From the records below, please repeat exactly the line that has "podziekowania", the line that has "HP Laptop EM0530ND", and every line between them, and nothing else.

BEGIN Data section

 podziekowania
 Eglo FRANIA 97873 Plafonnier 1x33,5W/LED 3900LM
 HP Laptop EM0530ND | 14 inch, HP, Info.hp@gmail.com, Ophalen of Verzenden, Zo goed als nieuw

END Data section
BEGIN Data section

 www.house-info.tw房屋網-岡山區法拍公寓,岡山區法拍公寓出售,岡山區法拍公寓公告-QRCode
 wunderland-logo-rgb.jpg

END Data section

◆ **Task solution**
 podziekowania
 Eglo FRANIA 97873 Plafonnier 1x33,5W/LED 3900LM
 HP Laptop EM0530ND | 14 inch, HP, Info.hp@gmail.com, Ophalen of Verzenden, Zo goed als nieuw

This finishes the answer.